Originally Posted by
Mike Jacoubowsky
I am so spoiled by European airports and transportation infrastructure in general. I just assumed... silly me... that the Metro would take you right into the terminals. Even our own BART comes pretty close to doing that. BART/SFO and METRO/DCA are pretty similar (maybe a bit less walking for BART). Even CDG got its act together with their inter-terminal rail system. If CDG can do something right, anybody can.
Someone else made the argument about luggage being a disincentive for the biz traveler taking mass transit. I dunno... if it fits as a carry-on, how tough can it really be?

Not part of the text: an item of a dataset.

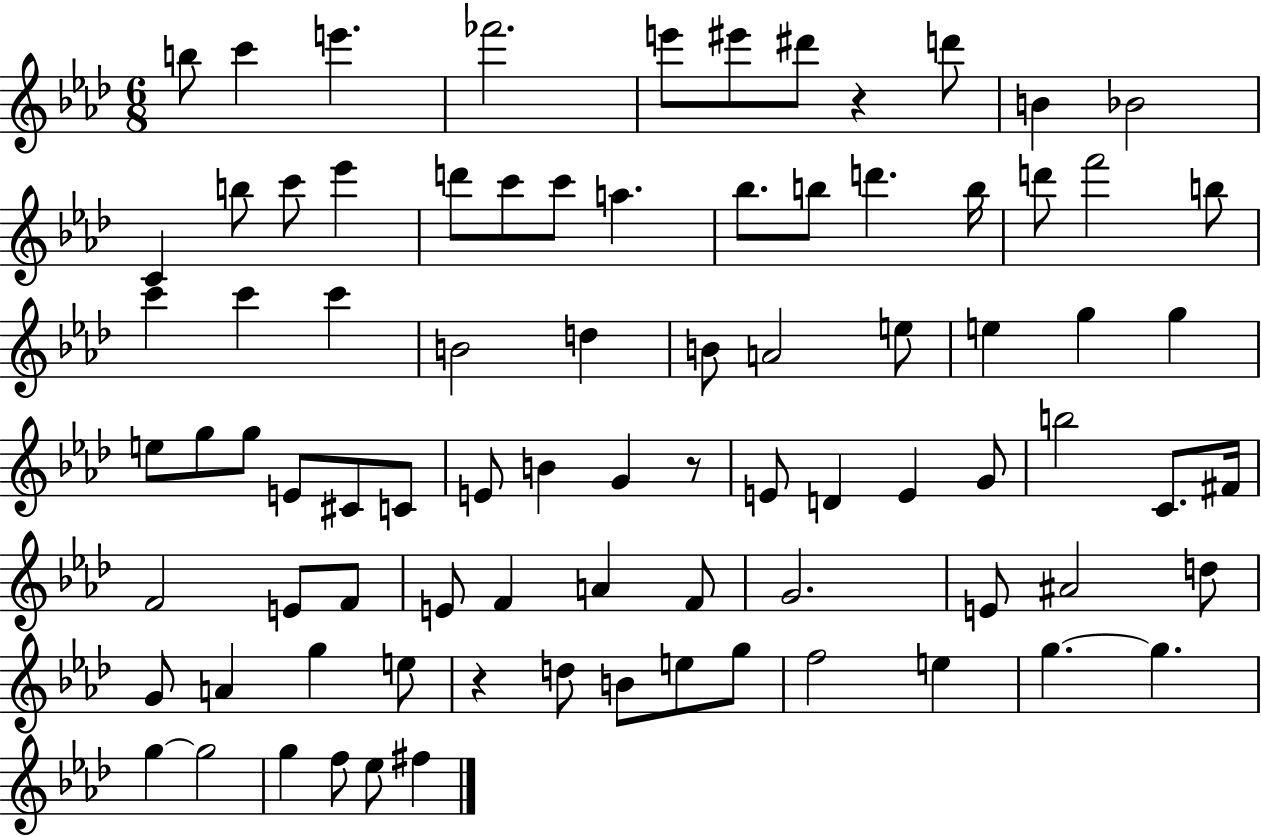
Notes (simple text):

Maybe FTers enjoy long taxi rides for some reason? I wouldn't mind so much if I could be guaranteed a smoke-free experience, seatbelts I could find, and a feeling that I wasn't being taken for a ride sometimes. An ironic metaphor.
Transit systems built almost-right are usually a result of cross-agency turf battles. Was that the case in WAS? One of the great crimes in the SF Bay Area came about when BART punished the SF Peninsula for voting it down back in, what, '62? So they intentionally didn't connect with the then-highly-used SP rail commute line (3rd & Townsend at the time?). That commute line actually functioned very well. Not as sexy as BART would have been, but it worked. Cannot imagine how much opportunity cost involved in that decision.
For IAD & DCA, an efficient means to getting from one to another would open up all manner of possibilities. I would think.
I am spoiled by Narita Express. Fast, reliable, storage space, reserved seats, food and beverage sold at your seat, NRT to downtown Tokyo in one hour. Why we can't do that in the most developed country in the world is beyond me.